## DIRECTIONS FOR THIS TASK
The data must be given again exactly as written, with all images omitted.

## DATASET CONTENT

*-*-*

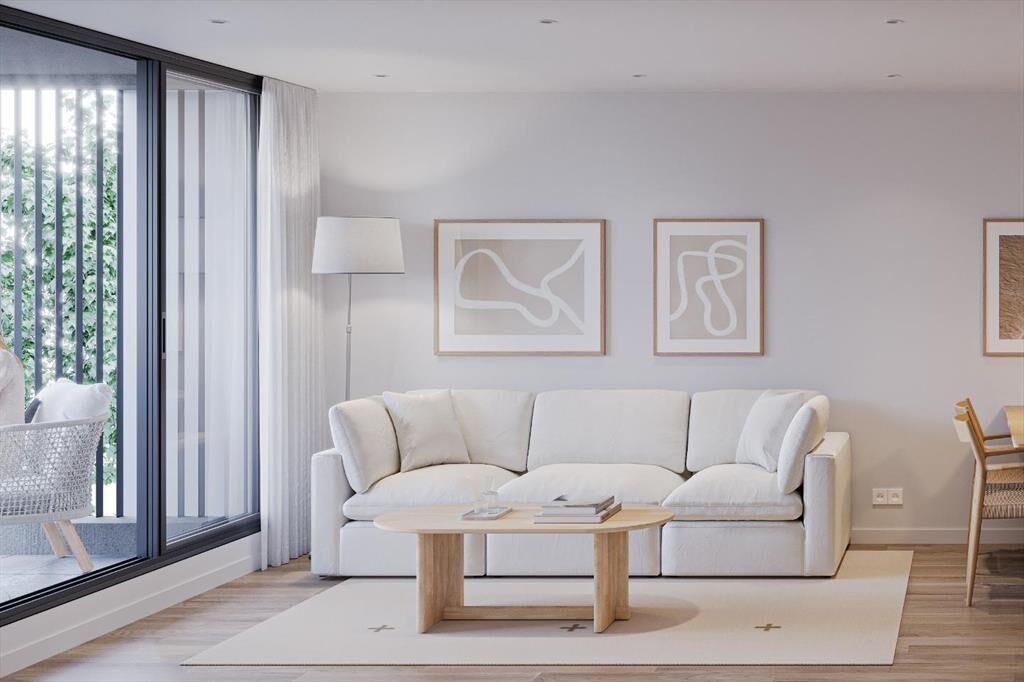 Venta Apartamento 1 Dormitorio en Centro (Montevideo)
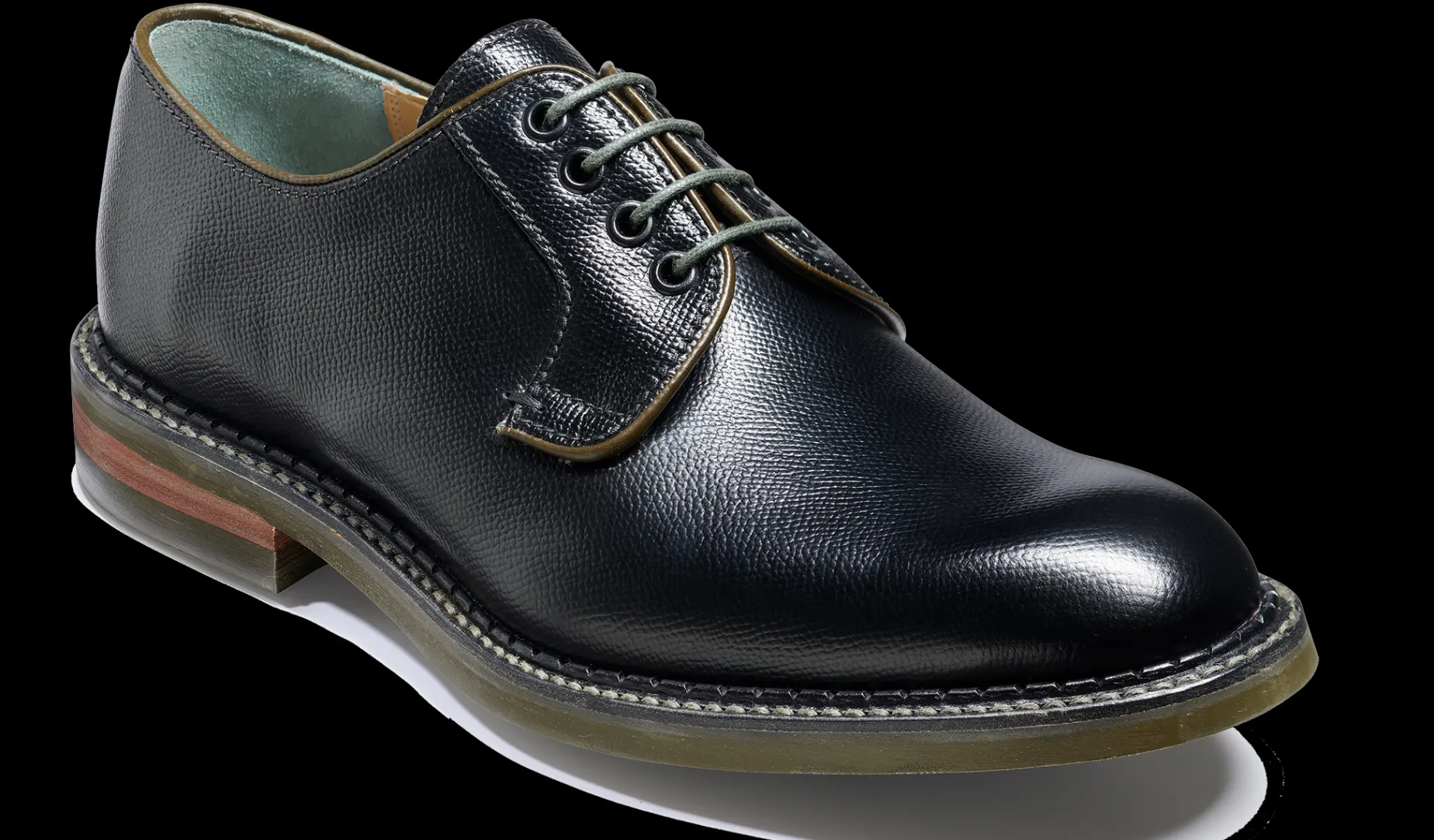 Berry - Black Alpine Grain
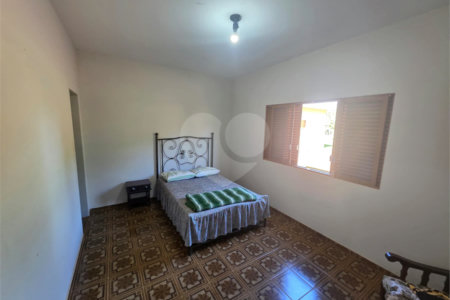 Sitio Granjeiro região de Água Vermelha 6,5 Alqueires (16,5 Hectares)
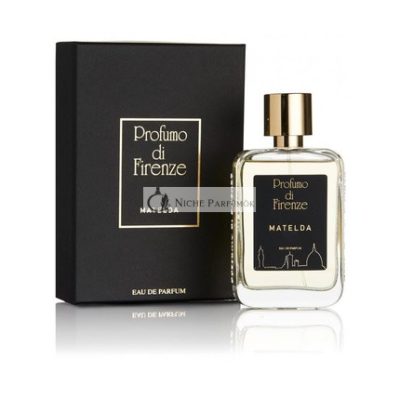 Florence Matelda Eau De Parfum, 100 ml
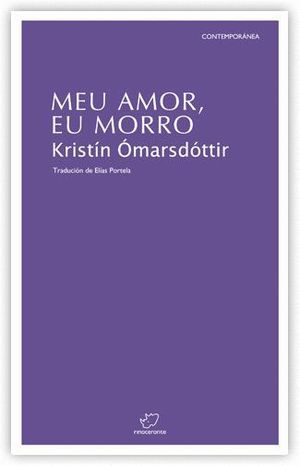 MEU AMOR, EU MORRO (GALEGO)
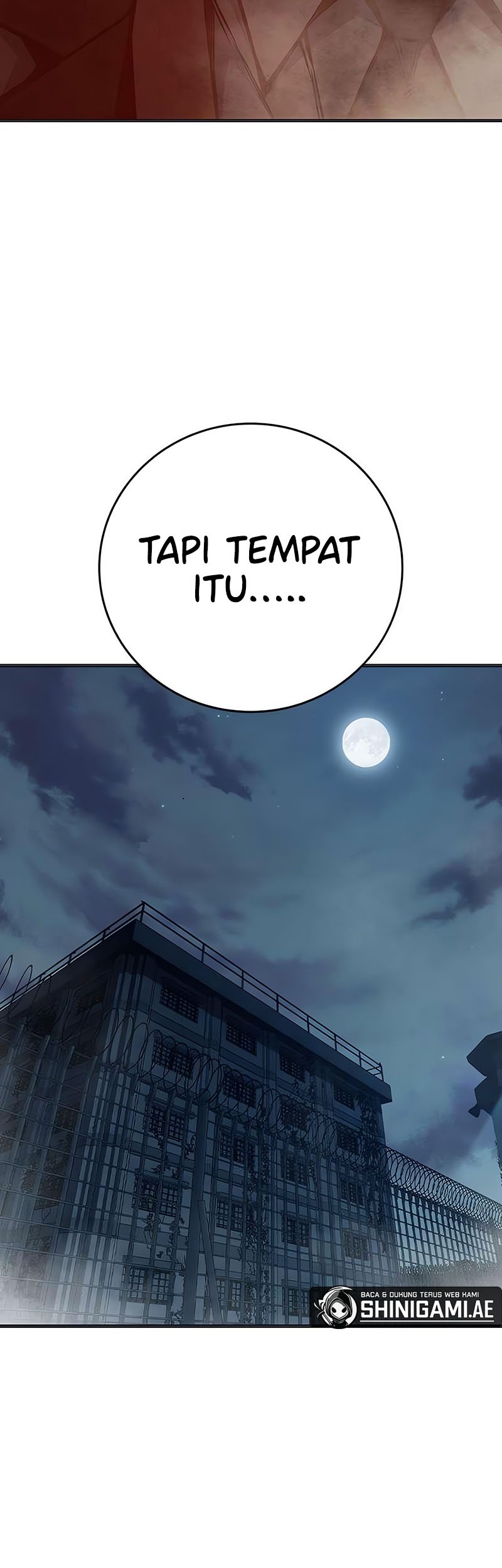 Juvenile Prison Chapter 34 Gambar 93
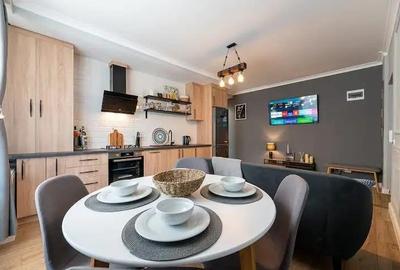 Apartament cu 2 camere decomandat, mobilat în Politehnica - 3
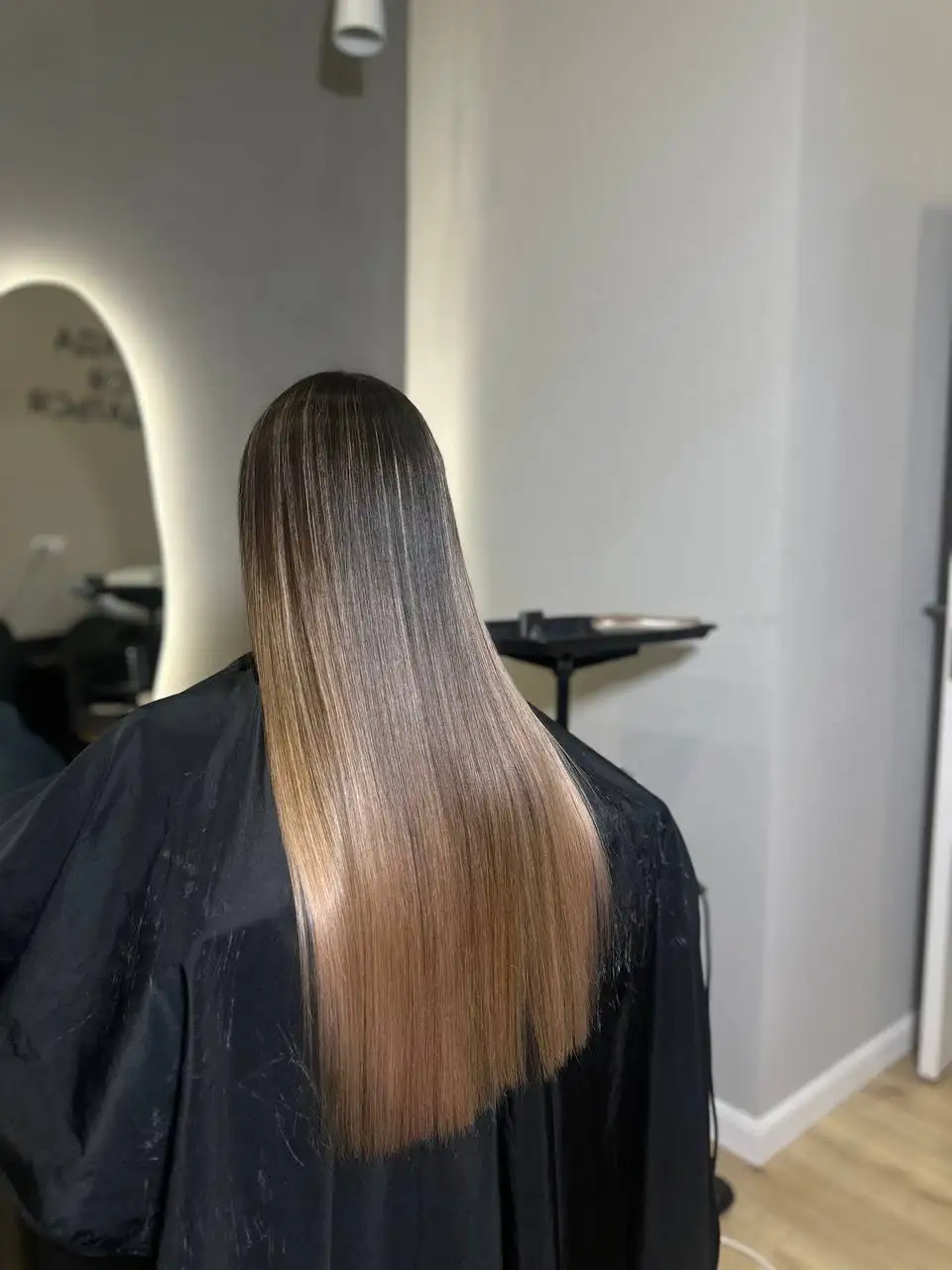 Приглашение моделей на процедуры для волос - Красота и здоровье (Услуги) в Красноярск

*-*-*

## ANSWER SECTION
 Venta Apartamento 1 Dormitorio en Centro (Montevideo)
 Berry - Black Alpine Grain
 Sitio Granjeiro região de Água Vermelha 6,5 Alqueires (16,5 Hectares)
 Florence Matelda Eau De Parfum, 100 ml
 MEU AMOR, EU MORRO (GALEGO)
 Juvenile Prison Chapter 34 Gambar 93
 Apartament cu 2 camere decomandat, mobilat în Politehnica - 3
 Приглашение моделей на процедуры для волос - Красота и здоровье (Услуги) в Красноярск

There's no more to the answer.